# Databricks tutorial
## The side bar
- the sidebar contains useful shortcuts:
  - to your **home** area - you can create notebooks here
  - to the **workspaces** - these have been created for certain pieces of work to allow centralisation of code
  - to your **recent** notebooks - this is useful for picking up where you left off
  - to **data** where you can browse what is available and remind yourself what columns are called
  
## The data area
- this is actually pretty similar to SSMS.
- you've got **databases**: a good started is the **dss_corporate** database as we should all have access
- inside the **databases** you've got **tables**
- Pressing on the tables brings up the preview (you'll need to have a cluster up and running for this!!!):
  - You can see the table metadata (I've found it doesn't work for some assets...)
  - And a preview of the data

#### What if I need more data bringing in?
- Sometimes we need more data brought in
- For **small tables**, like simple lookups, my advice would be to make a `SELECT... FROM VALUES...` style SQL script, and make a `GLOBAL TEMP VIEW` of this. Basically hard code the data into a script.

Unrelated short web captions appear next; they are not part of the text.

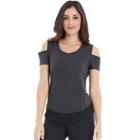 Women's Balance Collection Ember Cold-shoulder Tee, Size: Xl, Oxford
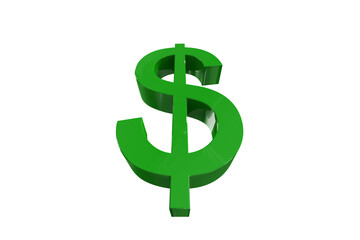 Green Dollar symbol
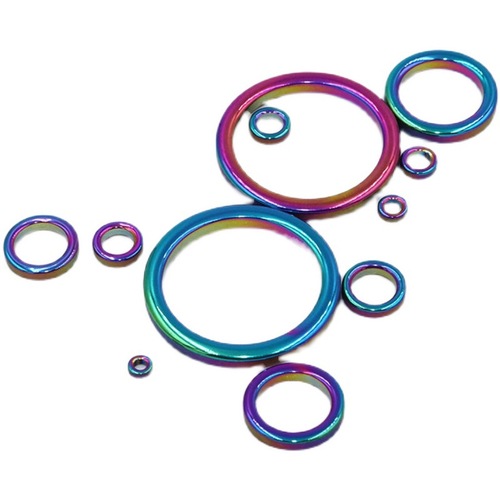 Fishing gear ceramic ring line ring repair accessories magnetic ring routing guide ring guide eye rocky pole sea pole long-range fishing lure gold color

- For **large tables** you'll need to talk to someone get it loaded.

## Making a notebook
- here is a link to the notebook management docs: https://docs.databricks.com/notebooks/notebooks-manage.html
- here is the link to the notebook use documentation: https://docs.databricks.com/notebooks/notebooks-use.html
- in your **home** area, or in a **workspace** where you have the correct permissions, you can create your own notebooks
  - this is done using the **drop down** next to the folder, or next to your name in **home**.
  - a **notebook** is a form of script where you can write code and execute it piece by piece, in what are called **cells**.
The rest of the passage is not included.